К вечеру он не на шутку разошелся, пытался сплясать, своротил стол и вскоре был уведен под руку отставной актрисой, оказавшейся его женой. Она демонстративно качала головой и громко говорила: "Хорош гусь! Стыдобушка!"
У развалившегося стола сломались шипы, и Дмитрий остался у Димы помочь с ремонтом. Он теперь с удовольствием ночевал не дома. У Димы была шикарная дрель. Его, как человека, мало занимавшимся простым трудом, восхищали дорогие инструменты, по его мнению избавляющие от операций, требующих навыка и терпения. Но будучи литератором, свое дело он знал туго.

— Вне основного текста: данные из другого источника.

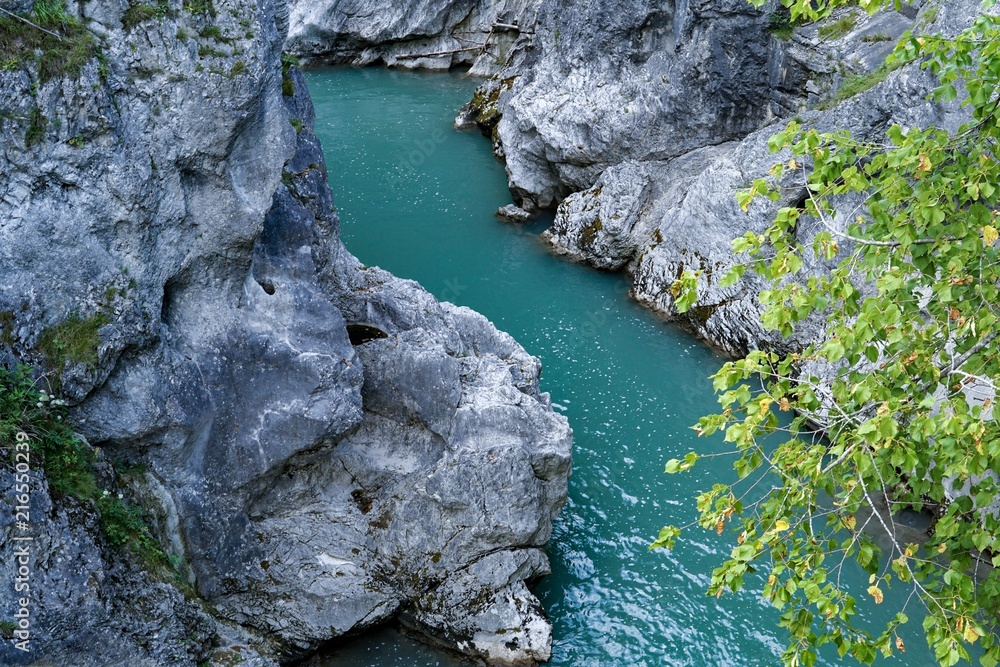 Blick von oben in die Schlucht des Lechfall auf das türkisene Wasser der Lech Blick von oben in die Schlucht des Lechfall auf das türkisene Wasser der Lech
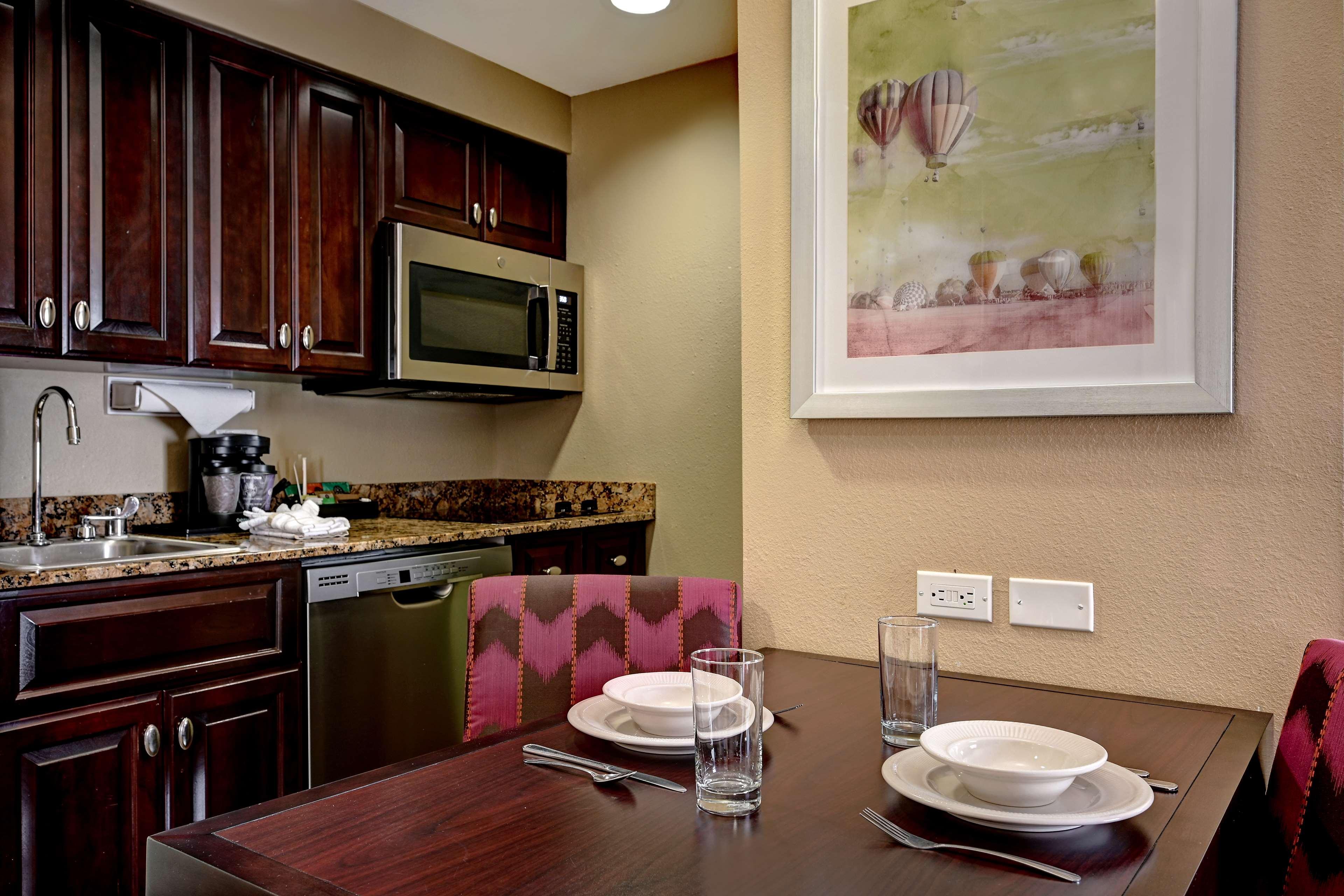 Homewood Suites By Hilton Albuquerque Airport Exteriér fotografie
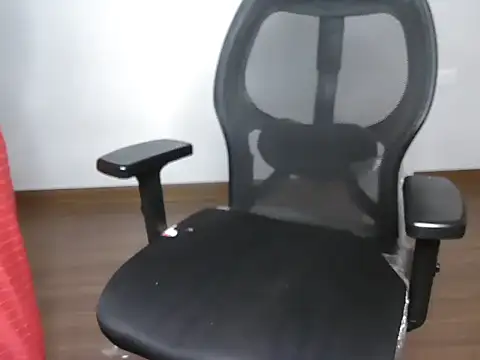 Snapshot of mooonlightbaby chatting on March 12, 2026, 3:51 pm mooonlightbaby online show from March 12, 2026, 3:51 pm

Дима родился под Красноярском, после школы уехал к дяде в Москву и закончил филологический факультет. В городе он чувствовал себя совершенно в своей тарелке. Кроме культуры его почти ничего не интересовало, и поскольку он не выходил за границы этого своего мира, ему и не приходилось подвергать сомнению его ценность, как это было с Дмитрием. Он следил за выставками, интересовался кино, все время участвовал в каких-то журналах, выискивал авторов, кого-то куда-то определял и был неким негласным центром литературной жизни. Ему звонили, с ним советовались, и когда удавалось составить удачный раздел очередного журнала, заморочив голову редакторам и прислав рукописи в последний день, так что читать их было уже некогда, на лице у него было хитрое и бескорыстное выражение ловко проделанной проказы. Был в нем какой-то естественный азарт к тому, чем он занимался и какое-то физиологическое соответствие тому образу жизни, который он вел. Дмитрию нравилось его вечное сосредоточенное выражение, резкий голос, каким он отвечал на телефонные звонки, и готовность с утра до вечера толковать о литературе или кино. Он хорошо говорил, и в споре с ним Дмитрий чувствовал себя круглым дураком. Дима мог разнести в пух и прах любое произведение так убедительно, что все встречные возражения выглядели детским лепетом, а потом слегка изменив плоскость рассмотрения, делал неожиданную теплую похвалу, и книга приобретала как бы отвоеванную и от этого еще большую ценность. Дмитрию очень хотелось узнать, что же пишет сам Дима, но ему было неловко и боязно, как бывает боязно за таких опасно умных и образованных людей, когда дело доходит до их собственного творчества.